===== Provided material =====

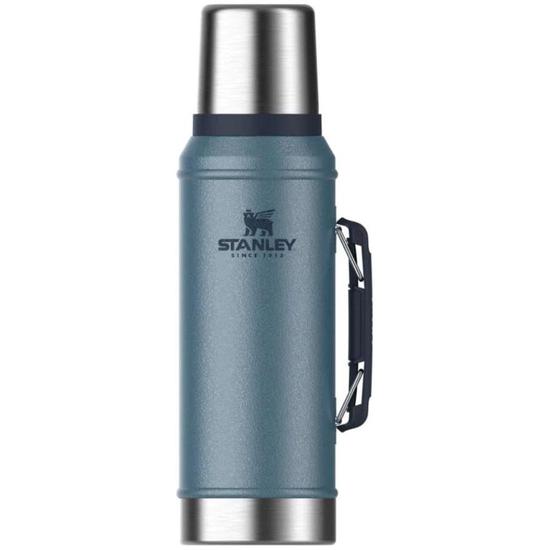 Foto do Produto Garrafa Térmica Stanley Classic Legendary Bottle 940ML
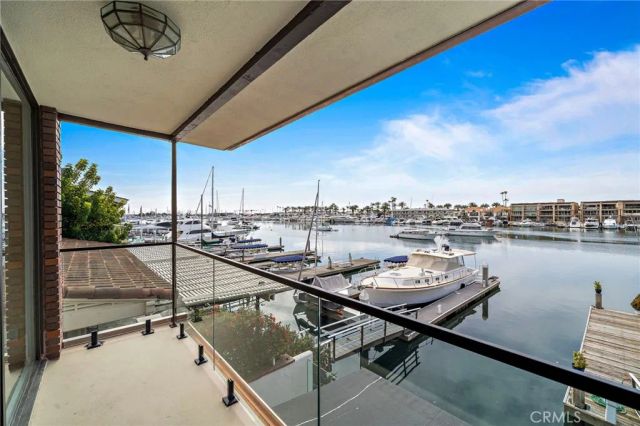 205 Via Lido Soud, Newport Beach, CA 92663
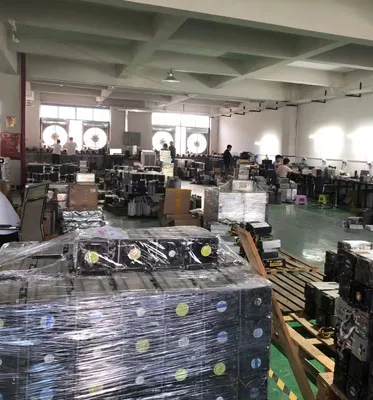 Graphics Card Geforce RTX 2060 Super 3060 Ti 1660s 3080 3070 90hx Rtx 3060 A200 GPU  Rig 8gb 6gb 12gb 24gb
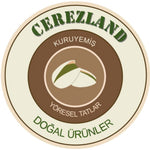 cerezland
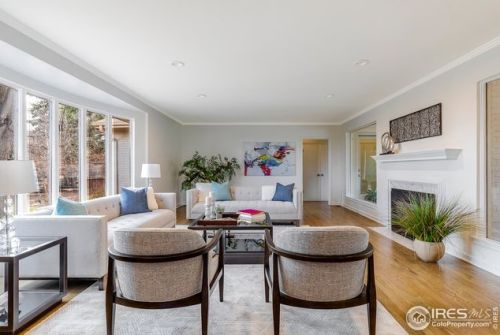 733 13th St, Boulder, CO 80302-7501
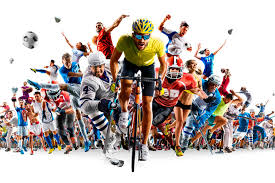 探寻哈尔滨 探寻哈尔滨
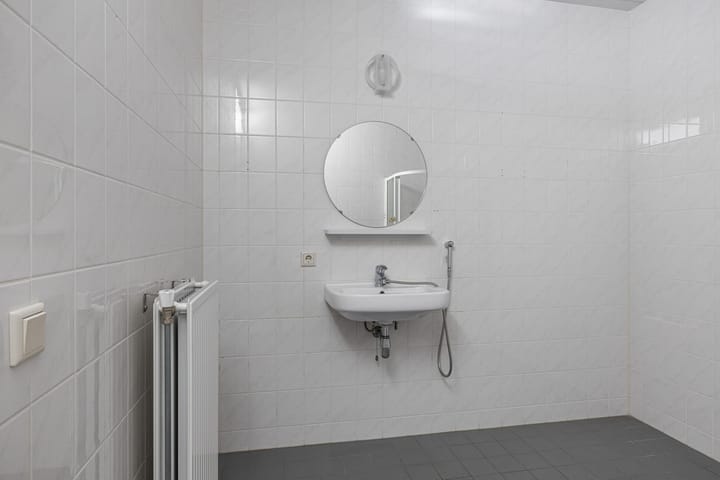 Foto 9 van Willemskade 29-506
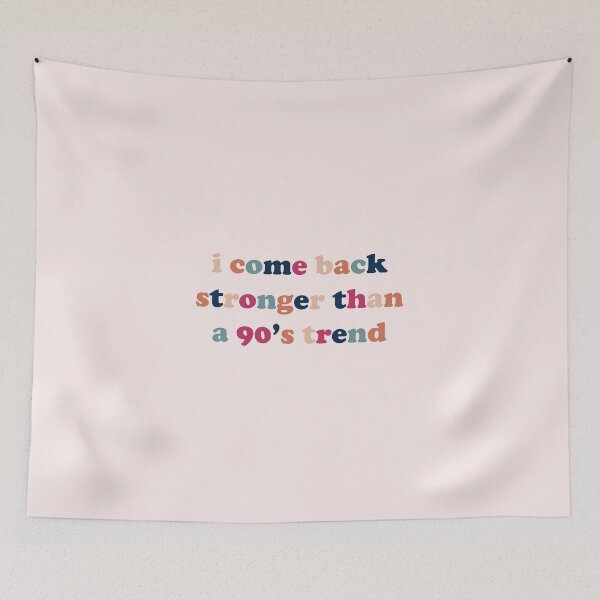 Item preview, Taylor Swift Evermore Quotes Sticker Set designed and sold by Dimo Kobolds.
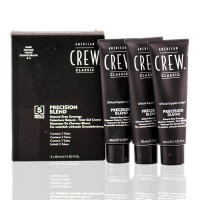 American Crew Precision Blend Dark 3x1.35oz | SellerSpree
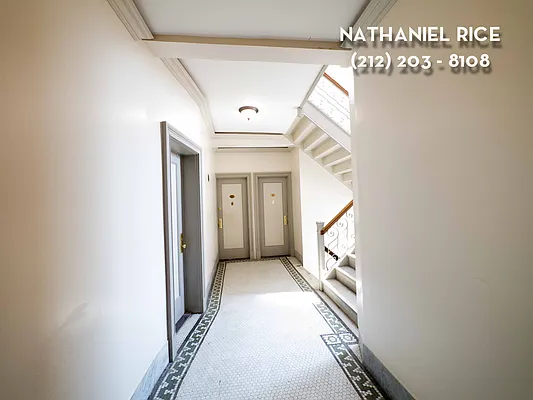 Rented by (Legacy) NY Quality Living Uptown | media 27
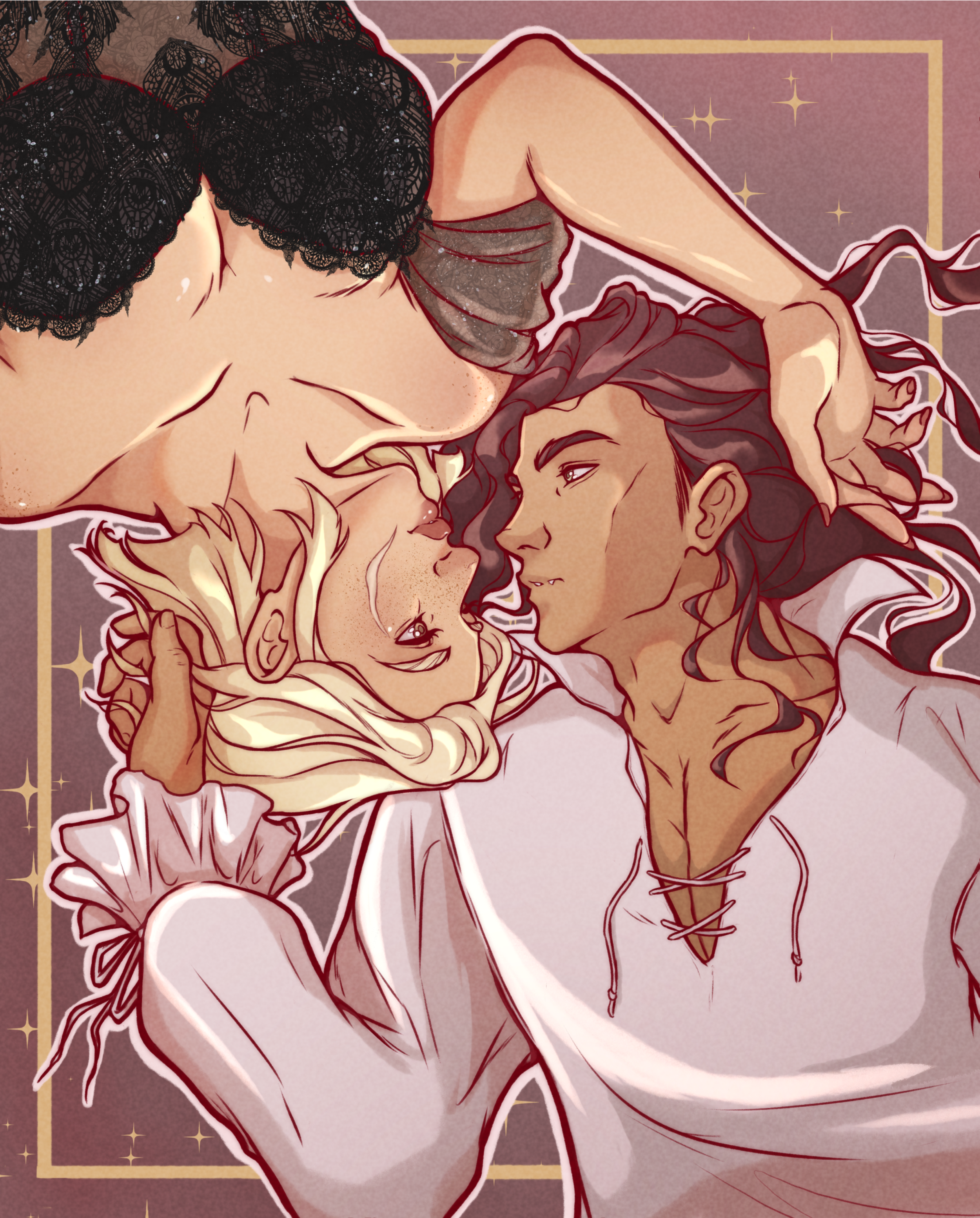 Mia and Idris for Vellum v2 .png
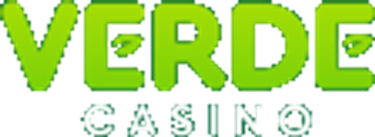 Verde Casino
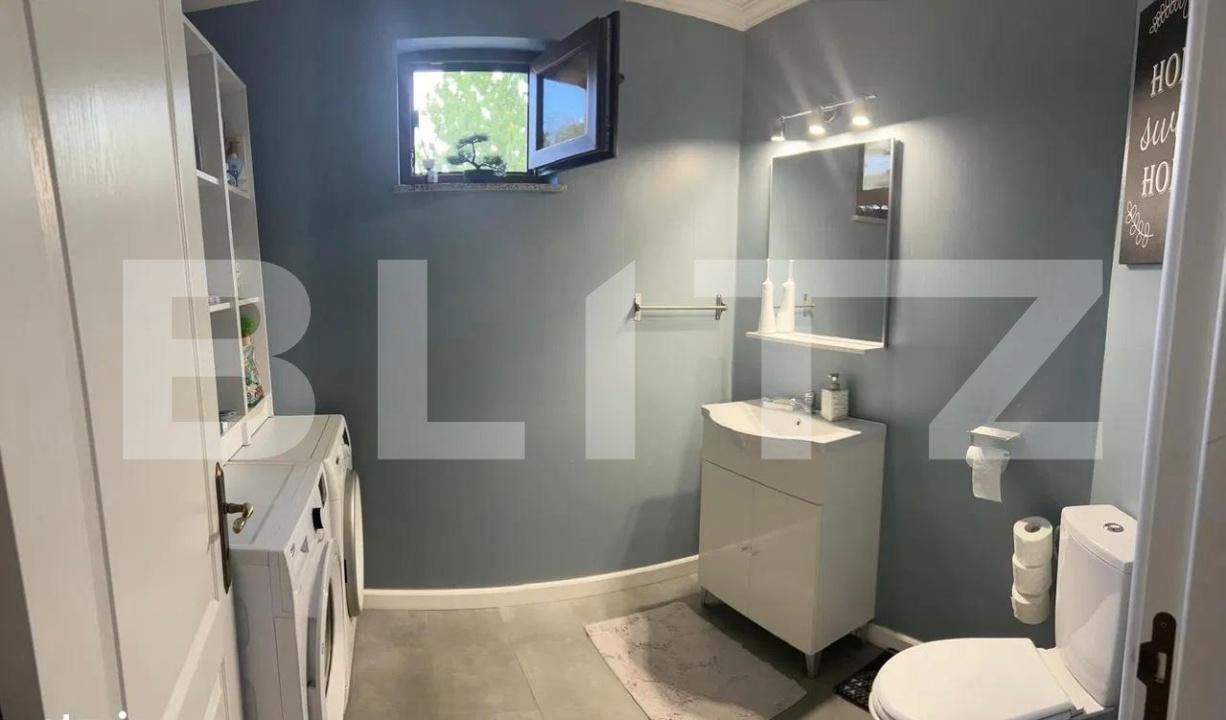 Casa de vânzare 4 camere Itcani - 175668CV | BLITZ Suceava | Poza12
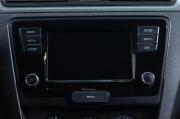 Skoda Rapid I Рестайлинг Новосибирск  - изображение 28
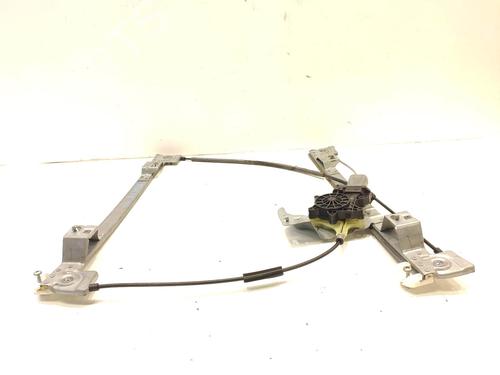 Used Other Other RENAULT KANGOO Express (FW0/1_) 1.5 dCi 75 (FW07, FW10, FW04) (75 hp) 36234790 36234790
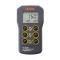 HANNA HI93542 Dual Channel Dual Range, Wide Range Temperature Meter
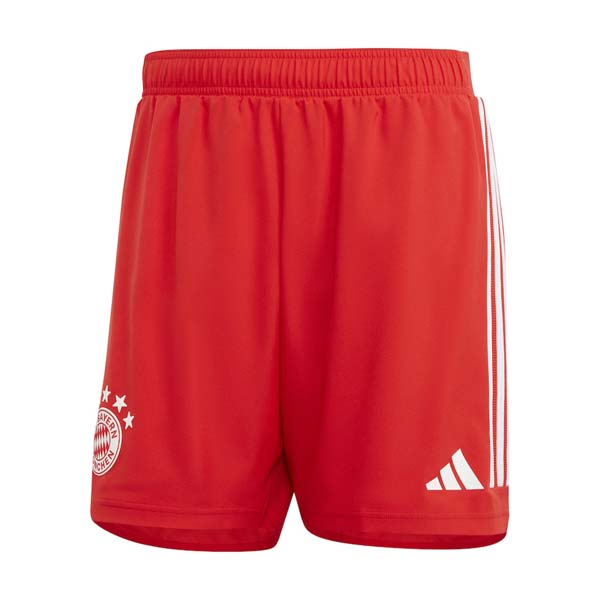 Pantalon Bayern Munich Domicile 2023-24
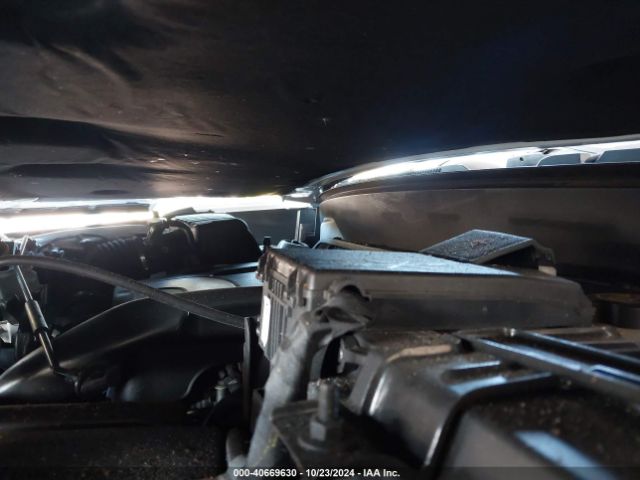 2GNAXKEV7L6253464 Chevrolet Equinox Fwd Lt 1.5l Turbo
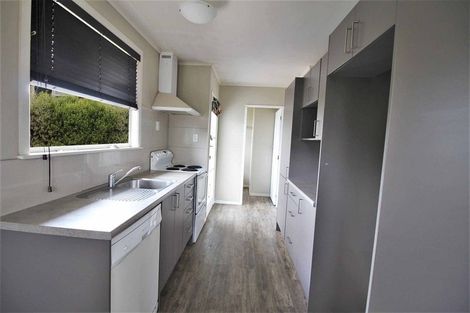 Photo of property in 17 Lilac Street, Melville, Hamilton, 3206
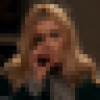 mundoodeseries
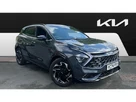 2024-kia-sportage-16-t-gdi-gt-line-157bhp-48v-small-0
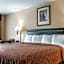 Econo Lodge Elmira
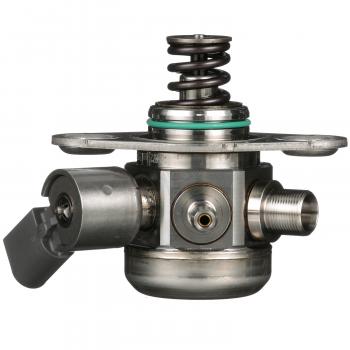 Delphi HM10088 Direct Injection High Pressure Fuel Pump product image 5 of 8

=====

### Activity
Write out exactly the lines from the one containing "2GNAXKEV7L6253464 Chevrolet Equinox" through the end of the records above, both included, leaving all pictures out.

### Answer
 2GNAXKEV7L6253464 Chevrolet Equinox Fwd Lt 1.5l Turbo
 Photo of property in 17 Lilac Street, Melville, Hamilton, 3206
 mundoodeseries
 2024-kia-sportage-16-t-gdi-gt-line-157bhp-48v-small-0
 Econo Lodge Elmira
 Delphi HM10088 Direct Injection High Pressure Fuel Pump product image 5 of 8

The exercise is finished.